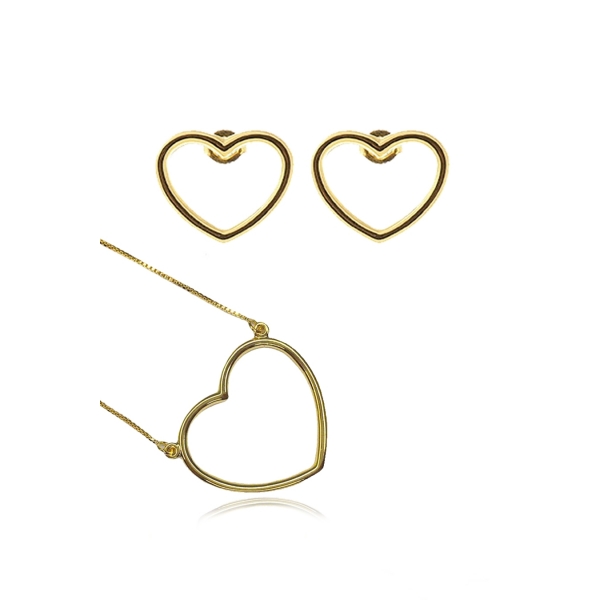 Conjunto de Coração Vazado - Dourado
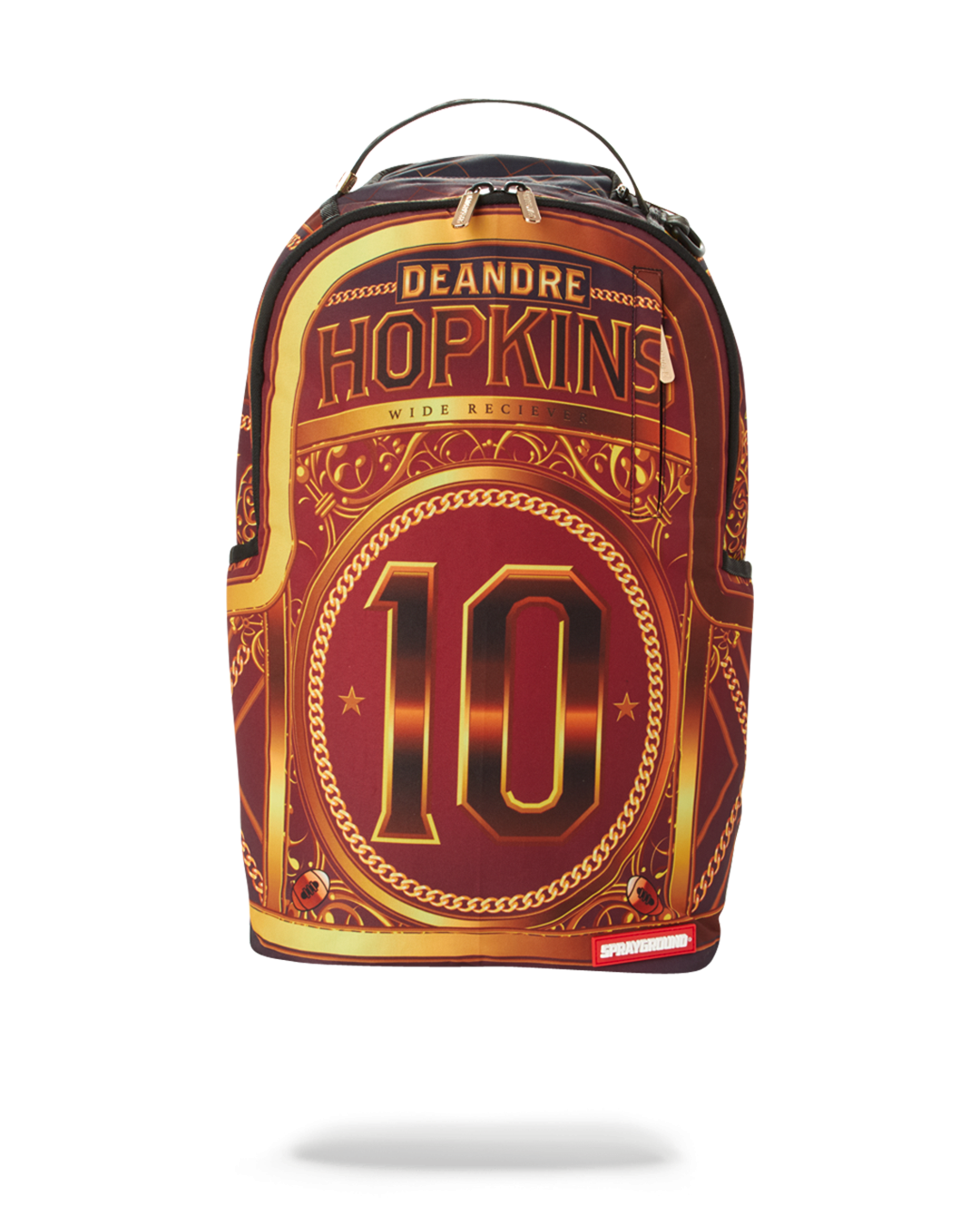 Front view of the pink Sprayground backpack featuring DeAndre Hopkins design.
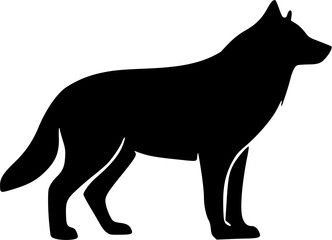 Wolf Silhouette Vector Illustration | Wild Animal Howling Moon Forest Design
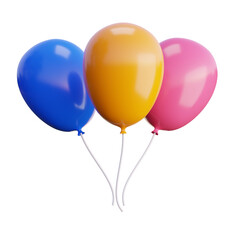 Colorful 3D Balloons Floating Against a Blue Backdrop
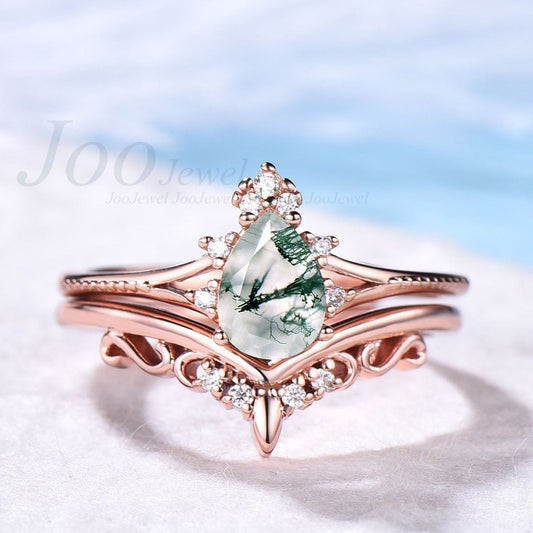 Vintage unique pear shaped moss agate engagement ring set split shank cluster milgrain moissanite ring 18k rose gold bridal wedding ring set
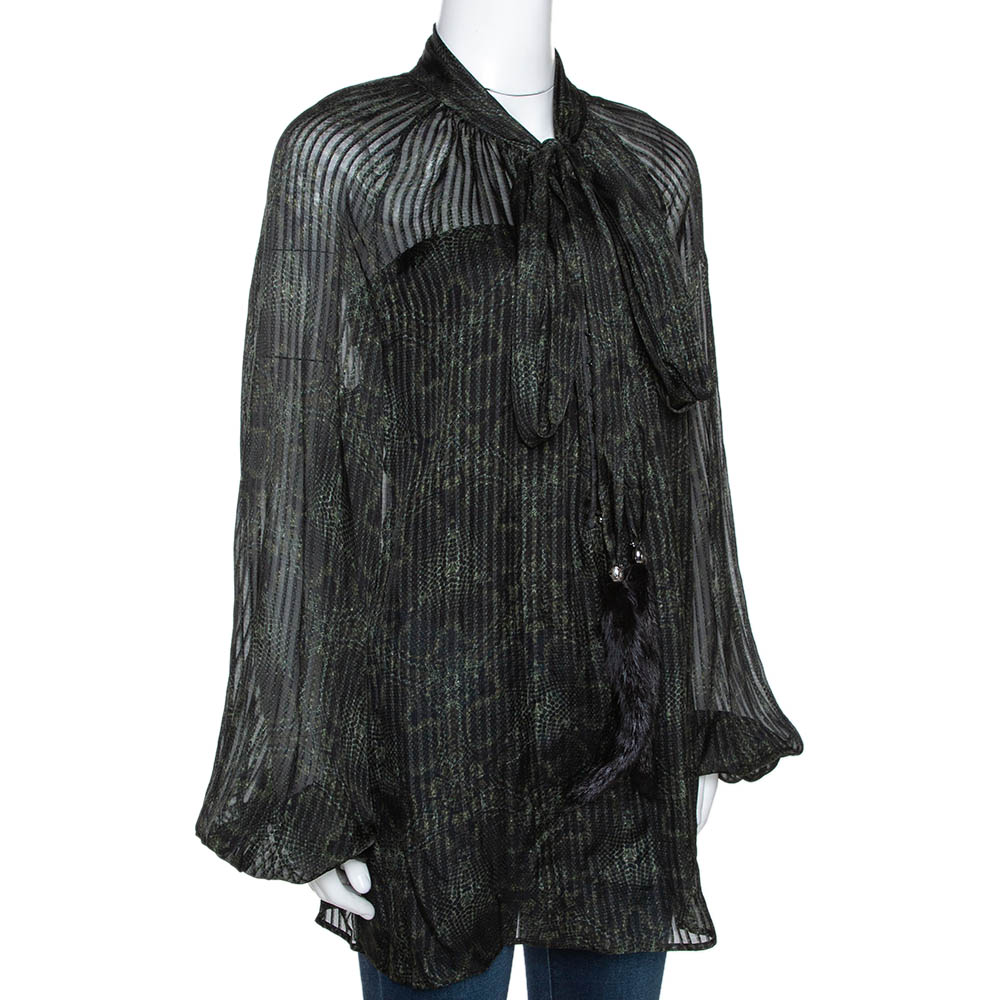 

Roberto Cavalli Dark Green Printed Silk Fur Tie Detail Sheer Blouse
....
### EXERCISE DESCRIPTION
Word for word, restate the lines from the line containing "Front view of" through the end of the data, including the first and last of them. Pictures stay out.

### RESULT FOR THIS EXERCISE
 Front view of the pink Sprayground backpack featuring DeAndre Hopkins design.
 Wolf Silhouette Vector Illustration | Wild Animal Howling Moon Forest Design
 Colorful 3D Balloons Floating Against a Blue Backdrop
 Vintage unique pear shaped moss agate engagement ring set split shank cluster milgrain moissanite ring 18k rose gold bridal wedding ring set

Roberto Cavalli Dark Green Printed Silk Fur Tie Detail Sheer Blouse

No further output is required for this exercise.